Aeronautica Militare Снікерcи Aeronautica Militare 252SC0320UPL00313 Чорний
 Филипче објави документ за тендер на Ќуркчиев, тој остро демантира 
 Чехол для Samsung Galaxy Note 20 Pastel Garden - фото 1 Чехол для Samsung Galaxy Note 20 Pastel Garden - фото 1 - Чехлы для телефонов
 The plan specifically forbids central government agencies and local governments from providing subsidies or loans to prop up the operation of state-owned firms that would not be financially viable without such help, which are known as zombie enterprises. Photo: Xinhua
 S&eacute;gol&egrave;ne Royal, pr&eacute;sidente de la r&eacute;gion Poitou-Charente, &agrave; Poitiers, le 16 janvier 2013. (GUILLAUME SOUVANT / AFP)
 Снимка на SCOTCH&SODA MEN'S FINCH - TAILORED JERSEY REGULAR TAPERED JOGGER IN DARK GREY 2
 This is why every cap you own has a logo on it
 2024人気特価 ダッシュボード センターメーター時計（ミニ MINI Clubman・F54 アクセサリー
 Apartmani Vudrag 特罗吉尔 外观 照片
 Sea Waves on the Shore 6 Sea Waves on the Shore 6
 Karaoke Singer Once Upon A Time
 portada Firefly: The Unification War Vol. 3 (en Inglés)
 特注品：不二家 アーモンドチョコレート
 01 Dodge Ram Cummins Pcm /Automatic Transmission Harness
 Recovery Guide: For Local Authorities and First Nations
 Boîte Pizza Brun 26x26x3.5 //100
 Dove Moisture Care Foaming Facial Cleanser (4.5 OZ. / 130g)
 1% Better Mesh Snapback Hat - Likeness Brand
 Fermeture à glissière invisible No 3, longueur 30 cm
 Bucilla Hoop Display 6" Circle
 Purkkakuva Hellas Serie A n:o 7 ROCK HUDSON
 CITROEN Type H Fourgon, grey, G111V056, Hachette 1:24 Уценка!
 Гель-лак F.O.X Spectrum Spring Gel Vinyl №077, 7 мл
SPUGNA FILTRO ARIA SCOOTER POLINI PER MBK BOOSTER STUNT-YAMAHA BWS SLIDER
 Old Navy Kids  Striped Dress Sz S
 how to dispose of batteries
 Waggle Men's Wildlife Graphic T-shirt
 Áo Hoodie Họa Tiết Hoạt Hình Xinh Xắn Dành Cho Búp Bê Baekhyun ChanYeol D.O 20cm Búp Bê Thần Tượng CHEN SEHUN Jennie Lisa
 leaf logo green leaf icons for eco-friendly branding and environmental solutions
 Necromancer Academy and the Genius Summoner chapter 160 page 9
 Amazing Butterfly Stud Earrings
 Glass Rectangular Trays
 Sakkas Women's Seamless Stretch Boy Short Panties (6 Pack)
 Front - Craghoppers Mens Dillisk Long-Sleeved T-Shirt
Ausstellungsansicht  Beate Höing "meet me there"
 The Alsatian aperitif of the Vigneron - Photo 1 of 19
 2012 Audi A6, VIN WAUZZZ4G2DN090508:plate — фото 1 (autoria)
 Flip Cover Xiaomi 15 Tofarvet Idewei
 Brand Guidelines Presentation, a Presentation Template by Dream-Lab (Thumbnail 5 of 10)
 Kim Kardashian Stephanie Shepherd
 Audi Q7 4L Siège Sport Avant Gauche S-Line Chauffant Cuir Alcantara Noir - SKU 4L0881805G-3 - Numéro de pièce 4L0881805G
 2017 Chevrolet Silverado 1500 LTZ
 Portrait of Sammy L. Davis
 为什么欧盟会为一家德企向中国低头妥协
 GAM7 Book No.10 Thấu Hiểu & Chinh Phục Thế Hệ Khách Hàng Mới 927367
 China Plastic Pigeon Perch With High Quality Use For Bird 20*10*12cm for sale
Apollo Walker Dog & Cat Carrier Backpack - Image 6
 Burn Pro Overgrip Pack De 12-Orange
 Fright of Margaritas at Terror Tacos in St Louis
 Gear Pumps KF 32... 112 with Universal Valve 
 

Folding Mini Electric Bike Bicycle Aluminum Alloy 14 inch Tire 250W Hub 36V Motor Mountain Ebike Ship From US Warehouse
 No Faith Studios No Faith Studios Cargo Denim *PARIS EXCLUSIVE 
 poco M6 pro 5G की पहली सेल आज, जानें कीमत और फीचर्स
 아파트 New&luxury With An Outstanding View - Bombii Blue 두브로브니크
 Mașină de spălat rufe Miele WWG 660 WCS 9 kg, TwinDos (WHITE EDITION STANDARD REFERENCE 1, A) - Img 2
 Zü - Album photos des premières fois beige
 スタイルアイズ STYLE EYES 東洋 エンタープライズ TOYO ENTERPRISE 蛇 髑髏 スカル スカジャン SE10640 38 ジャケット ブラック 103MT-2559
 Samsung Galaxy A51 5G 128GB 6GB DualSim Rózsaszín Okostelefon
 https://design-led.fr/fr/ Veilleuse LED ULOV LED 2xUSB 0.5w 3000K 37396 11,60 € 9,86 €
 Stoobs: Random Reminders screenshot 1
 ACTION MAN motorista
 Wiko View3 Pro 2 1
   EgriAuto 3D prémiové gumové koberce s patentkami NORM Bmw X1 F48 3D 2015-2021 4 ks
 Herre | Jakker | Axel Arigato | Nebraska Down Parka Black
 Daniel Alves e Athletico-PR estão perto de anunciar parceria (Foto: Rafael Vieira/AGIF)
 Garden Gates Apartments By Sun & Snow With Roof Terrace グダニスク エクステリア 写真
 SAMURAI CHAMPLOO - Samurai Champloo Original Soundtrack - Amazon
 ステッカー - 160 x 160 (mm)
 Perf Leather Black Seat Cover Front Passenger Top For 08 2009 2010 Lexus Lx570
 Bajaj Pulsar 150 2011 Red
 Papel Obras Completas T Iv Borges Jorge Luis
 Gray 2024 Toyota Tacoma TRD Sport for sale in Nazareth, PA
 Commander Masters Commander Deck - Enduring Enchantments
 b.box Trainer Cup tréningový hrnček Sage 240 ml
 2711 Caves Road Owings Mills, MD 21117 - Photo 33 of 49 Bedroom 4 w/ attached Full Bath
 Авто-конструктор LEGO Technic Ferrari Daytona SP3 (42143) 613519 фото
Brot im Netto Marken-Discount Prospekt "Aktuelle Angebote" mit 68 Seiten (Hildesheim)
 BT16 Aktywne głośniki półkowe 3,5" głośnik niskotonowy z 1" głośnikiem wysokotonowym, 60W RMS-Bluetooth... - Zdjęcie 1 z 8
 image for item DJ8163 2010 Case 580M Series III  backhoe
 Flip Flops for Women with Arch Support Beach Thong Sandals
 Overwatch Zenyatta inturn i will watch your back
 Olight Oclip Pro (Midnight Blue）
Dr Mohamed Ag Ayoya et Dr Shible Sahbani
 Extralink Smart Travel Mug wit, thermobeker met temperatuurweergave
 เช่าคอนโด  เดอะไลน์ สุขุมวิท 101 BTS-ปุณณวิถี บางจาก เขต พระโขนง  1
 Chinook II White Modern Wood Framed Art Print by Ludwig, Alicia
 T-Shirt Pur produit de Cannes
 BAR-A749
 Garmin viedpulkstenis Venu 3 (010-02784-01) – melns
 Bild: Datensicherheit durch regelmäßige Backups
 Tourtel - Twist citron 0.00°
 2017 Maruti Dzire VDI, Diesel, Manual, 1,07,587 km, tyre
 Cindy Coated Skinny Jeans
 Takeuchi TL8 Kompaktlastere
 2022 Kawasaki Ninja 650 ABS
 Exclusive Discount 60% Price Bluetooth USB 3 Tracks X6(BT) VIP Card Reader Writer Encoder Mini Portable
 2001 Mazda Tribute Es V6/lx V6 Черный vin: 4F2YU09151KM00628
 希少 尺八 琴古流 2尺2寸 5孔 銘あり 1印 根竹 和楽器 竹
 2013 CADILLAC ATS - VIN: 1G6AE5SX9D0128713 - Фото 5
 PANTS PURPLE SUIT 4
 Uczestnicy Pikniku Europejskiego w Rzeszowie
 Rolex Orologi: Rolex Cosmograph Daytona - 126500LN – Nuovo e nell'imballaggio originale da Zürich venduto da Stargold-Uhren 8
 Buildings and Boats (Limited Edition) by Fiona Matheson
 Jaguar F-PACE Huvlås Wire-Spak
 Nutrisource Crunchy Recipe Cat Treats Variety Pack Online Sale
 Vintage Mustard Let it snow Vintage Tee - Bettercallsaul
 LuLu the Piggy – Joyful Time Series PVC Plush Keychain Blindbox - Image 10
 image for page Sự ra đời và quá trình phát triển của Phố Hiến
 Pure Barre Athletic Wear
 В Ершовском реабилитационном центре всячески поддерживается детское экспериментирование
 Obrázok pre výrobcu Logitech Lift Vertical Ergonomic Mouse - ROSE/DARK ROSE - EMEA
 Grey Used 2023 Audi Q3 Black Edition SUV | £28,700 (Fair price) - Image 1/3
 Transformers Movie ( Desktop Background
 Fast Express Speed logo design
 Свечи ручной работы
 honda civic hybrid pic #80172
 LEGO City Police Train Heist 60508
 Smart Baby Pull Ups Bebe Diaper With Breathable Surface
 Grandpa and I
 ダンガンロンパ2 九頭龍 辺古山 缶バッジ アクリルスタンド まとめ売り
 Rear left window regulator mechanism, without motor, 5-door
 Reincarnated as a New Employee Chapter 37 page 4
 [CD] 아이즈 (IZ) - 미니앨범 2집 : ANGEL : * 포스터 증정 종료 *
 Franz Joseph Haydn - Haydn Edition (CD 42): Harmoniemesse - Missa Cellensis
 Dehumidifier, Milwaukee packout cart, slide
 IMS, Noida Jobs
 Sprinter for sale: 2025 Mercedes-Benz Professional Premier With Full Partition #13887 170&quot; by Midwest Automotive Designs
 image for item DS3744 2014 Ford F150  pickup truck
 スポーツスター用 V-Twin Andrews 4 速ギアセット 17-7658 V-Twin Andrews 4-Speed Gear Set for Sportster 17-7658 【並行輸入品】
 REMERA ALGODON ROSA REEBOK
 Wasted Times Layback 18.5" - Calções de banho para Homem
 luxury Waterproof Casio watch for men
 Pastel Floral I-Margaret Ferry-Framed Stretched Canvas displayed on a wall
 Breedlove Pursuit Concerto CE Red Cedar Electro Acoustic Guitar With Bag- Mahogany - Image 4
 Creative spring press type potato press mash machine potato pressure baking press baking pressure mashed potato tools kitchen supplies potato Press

> [Problem to solve]
Take the lines from the start of the records through the line holding "Waggle Men's Wildlife Graphic T-shirt", both included, and please print them exactly, with nothing else.

> [Task response]
Aeronautica Militare Снікерcи Aeronautica Militare 252SC0320UPL00313 Чорний
 Филипче објави документ за тендер на Ќуркчиев, тој остро демантира 
 Чехол для Samsung Galaxy Note 20 Pastel Garden - фото 1 Чехол для Samsung Galaxy Note 20 Pastel Garden - фото 1 - Чехлы для телефонов
 The plan specifically forbids central government agencies and local governments from providing subsidies or loans to prop up the operation of state-owned firms that would not be financially viable without such help, which are known as zombie enterprises. Photo: Xinhua
 S&eacute;gol&egrave;ne Royal, pr&eacute;sidente de la r&eacute;gion Poitou-Charente, &agrave; Poitiers, le 16 janvier 2013. (GUILLAUME SOUVANT / AFP)
 Снимка на SCOTCH&SODA MEN'S FINCH - TAILORED JERSEY REGULAR TAPERED JOGGER IN DARK GREY 2
 This is why every cap you own has a logo on it
 2024人気特価 ダッシュボード センターメーター時計（ミニ MINI Clubman・F54 アクセサリー
 Apartmani Vudrag 特罗吉尔 外观 照片
 Sea Waves on the Shore 6 Sea Waves on the Shore 6
 Karaoke Singer Once Upon A Time
 portada Firefly: The Unification War Vol. 3 (en Inglés)
 特注品：不二家 アーモンドチョコレート
 01 Dodge Ram Cummins Pcm /Automatic Transmission Harness
 Recovery Guide: For Local Authorities and First Nations
 Boîte Pizza Brun 26x26x3.5 //100
 Dove Moisture Care Foaming Facial Cleanser (4.5 OZ. / 130g)
 1% Better Mesh Snapback Hat - Likeness Brand
 Fermeture à glissière invisible No 3, longueur 30 cm
 Bucilla Hoop Display 6" Circle
 Purkkakuva Hellas Serie A n:o 7 ROCK HUDSON
 CITROEN Type H Fourgon, grey, G111V056, Hachette 1:24 Уценка!
 Гель-лак F.O.X Spectrum Spring Gel Vinyl №077, 7 мл
SPUGNA FILTRO ARIA SCOOTER POLINI PER MBK BOOSTER STUNT-YAMAHA BWS SLIDER
 Old Navy Kids  Striped Dress Sz S
 how to dispose of batteries
 Waggle Men's Wildlife Graphic T-shirt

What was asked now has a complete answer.